I remember one particular restaurant with immense satisfaction. Amazingly, it no longer exists, though the building is still there. It was on the Morne, or Morne Fortune as it is perhaps more properly named, just by Bella Rosa, and it was called The San Antoine.
I believe that the San Antoine Hotel and Restaurant – yes, it used to be a hotel, not only a restaurant – was, in 1924, the talk of the town and the first in Saint Lucia to have electricity and running water installed in its rooms. Now, sadly, the only thing we can say is that it “used to be a restaurant.”
According to the St. Lucia Handbook of 1924, “A new Hotel has just been started up on up to date lines, with electric lighting, running water in bedrooms, etc., installed. Charges are moderate and terms can be arranged for a lengthened stay. Hotel St. Antoine is situated on the Morne Road within 10 minutes walk of the town, being 300 feet above sea level. The views over the Castries Harbour and the surrounding country are magnificent and the large verandahs are quite cool at any hour of the day. Lunches, teas and dinners can be supplied to visitors at a moderate charge and will prove a boon to passengers who wish to leave their ships during coaling operations, or to escape from the heat of the town.”
Somerset Maugham, one of my favorite writers of short stories, used to stay there, or so they say, as did Alex Waugh, who was brother to the perhaps more famous Evelyn, and who wrote one of the most erotic tales ever about a St Lucian woman loved and lost by a man. Saint Lucia was one of the places to be, or to have been, in the years between the Great World Wars; even Ernest Hemmingway found his way here, though he preferred, like many of our politicians, Cuba.
Then, of course, there was the ‘gay set’ before gay became fashionable; Noel Coward and his yachting friends tended to pop in unexpectedly at a Castries watering hole run by a now deceased ex-pat and his partner. All this was long before the Internet, long before instantaneous celebrity reporting. Nowadays, whenever a celebrity is spotted it becomes world news in a moment. A hundred years ago, people lived their lives in relative peace and serenity. Who knows how many rich and famous people found tranquility in Saint Lucia? It still happens, perhaps, but people find it harder to manage their privacy.
The San Antoine was a magnificent place. Leaving the car on the limited parking strip in front of the building, then climbing the steep stone steps up to the terrace, all the while resisting the urge to glance over your shoulder, then turning left into the bar and seeing stretched before you a panorama more wonderful, more glistening and enticing than Rio de Janeiro, the city of Castries and its harbour in the basin below.

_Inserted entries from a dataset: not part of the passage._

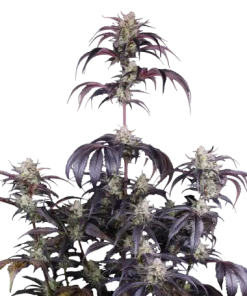 fastbuds autorf3 strawberry gorilla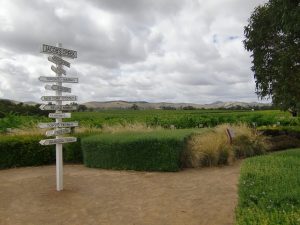 一面のブドウ畑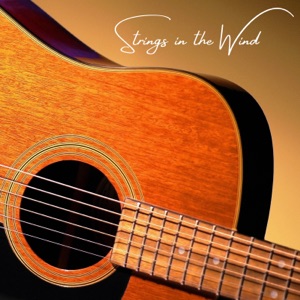 Strings in the Wind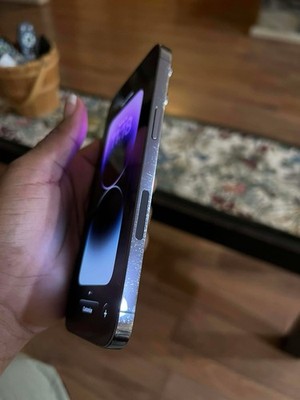 iPhone 14 Pro Max
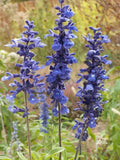 Sage Blue Salvia Perennial Seeds – Attracts Hummingbirds & Butterflies – Salvia nemorosa, 300+ Non-GMO Seeds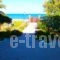 Studios Stefani_best prices_in_Hotel_Aegean Islands_Lesvos_Petra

Utter peace. The world seemed a perfect place; a drink perhaps. A vain attempt to read the menu in the fading light before assistance in the form of ‘Thine Host’, or even Rosie the Chef, came to assist and recommend. It was a place of supreme elegance, a taste of intoxicating history.
The walls were thick. The shutters were solid slabs that seemed capable of keeping at bay the strongest of winds. The clean but ancient toilets, which were quaintly situated adjacent to the kitchen, allowed the inquisitive urinator an opportunity to eavesdrop on culinary chatter amidst the clatter of pots and pans diligently doing their duty.
In those heady days, the world economy was rushing headlong along seemingly endless, petaled paths redolent with the scents and perfumes of success. Wars might have been raging elsewhere in the world, but in this secluded Garden of Eden all was peace and calm, which, by the way, reminds me that there was a small garden terrace behind the bar, a sort of secret lovers’ bower made for trysts, where curious visitors were warned not to stray too far for fear of slumbering snakes.
And then it came to an end – quite suddenly it seemed, though for those involved it was almost certainly a long-drawn-out, perhaps painful process. The restaurant was no more, and my days of imagined conversations with novelists of yore were over.
Do any of you remember Pat’s Pub in Rodney Bay, or Shamrock’s, the A-Frame or the Bistro? They’ve gone, all gone. Perhaps it’s time to leave too; to close up shop before the bailiff comes to evict us.